Interview
Julie Budd: A conversation about the classics
Published Thursday, 05-Nov-2009 in issue 1141
Gay & Lesbian Times: You grew up in Brooklyn. You must be loving autumn in New York?
Julie Budd: I am. I live for spring and summer and fall. Then I run to Florida with all the Jews. What can I tell you – me and my whole family, all of my old aunts and all of my old uncles – we run to Florida. The first snow flake its Jet Blue!
GLT: Well between that and your performances you must rack up a lot of Blue points. Speaking of which, you’ve worked with several symphonies around the world, but isn’t this going to be your first performance with the San Diego Symphony?
JB: That’s absolutely right! And no, I’ve never had the pleasure of working with your orchestra. I’ve heard that they are like one of the number one symphonies in the country. You must love it. It’s gotta be the highlight of the community.
GLT: It is indeed one of the many things that makes San Diego such a great place to live!
JB: I’ll tell you what else I really like about the San Diego Symphony, and I haven’t even played note one with them yet. Everyone who I’ve dealt with to pull it all together, you know to design the evenings and make it right, they’ve all been top notch. They’re just a delight. You know? You never know darling, I could become your resident girl singer.
GLT: Well, that would be just wonderful! You could get away from those New York winters.
JB: I would love it out there. I could get myself a little shack on the beach.
GLT: Then you’d be working with Marvin Hamlisch much more than you already have?
JB: Yes, I would. You know, I’ve known Marvin since I was a kid. He’s such a joy to work with.
GLT: What is it about Marvin that you like so much?
JB: Well first of all, he’s great at everything he does. Whether Marvin is writing for film, and I’ve had that experience with him, or whether he’s writing for stage, I’ve had that experience with him, or whether he’s writing a singular song or whether he’s doing something at the Pops, or just a concert or stand alone concert, whatever Marvin does he really is excellent at what he does. A lot of people can not say that. A lot of people are really great at what they do, and terrific and good bye and good luck. Marvin he’s proficient and he’s excellent in every medium he works in. I love him. He’s a very sweet guy. And, Randy he’s really, really witty. He’s just a brilliant guy.

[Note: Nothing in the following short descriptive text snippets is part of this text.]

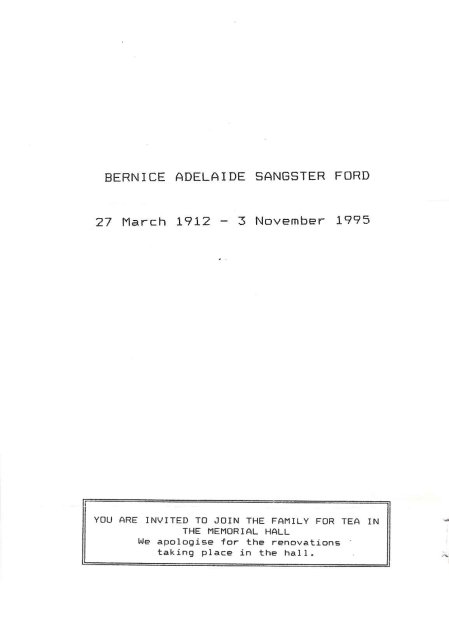 FORD-Bernice-Adelaide-Sangster-1912-1995_1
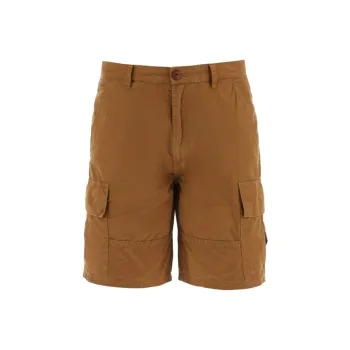 BARBOUR Essential Ripstop Cargo Shorts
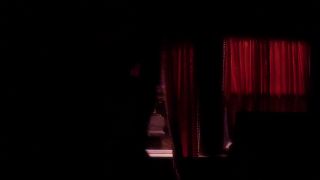 I Tricked My Dad into Sex – Olive Wood.-5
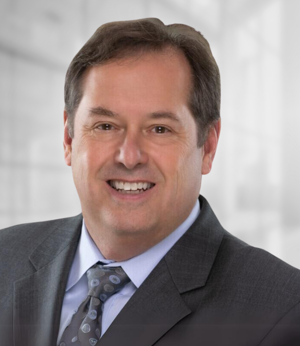 CHARLES CLEVENGER CHARLES CLEVENGER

GLT: Speaking of brilliant talent. You began your career at the tender age of 12. Let readers know a little more about that.
JB: I sort of came around in a time when there were a lot of variety shows on television. I think that was really helpful because I was a little girl. I couldn’t perform in night clubs. I couldn’t do a lot of things because child labor laws. Believe it or not, the interesting thing was, I was allowed to work in Las Vegas. Isn’t that wild? Here you have all these states that don’t allow a kid to sing until they’re 18 or 21 because they sold liquor and had liquor licenses. Meanwhile I could go to Nevada and work in Vegas and Reno and Tahoe.
That led to television where I grew up on with Merv Griffin, Johnny Carson, Carol Burnett, Ed Sullivan, Mike Douglas, and all of those wonderful TV shows.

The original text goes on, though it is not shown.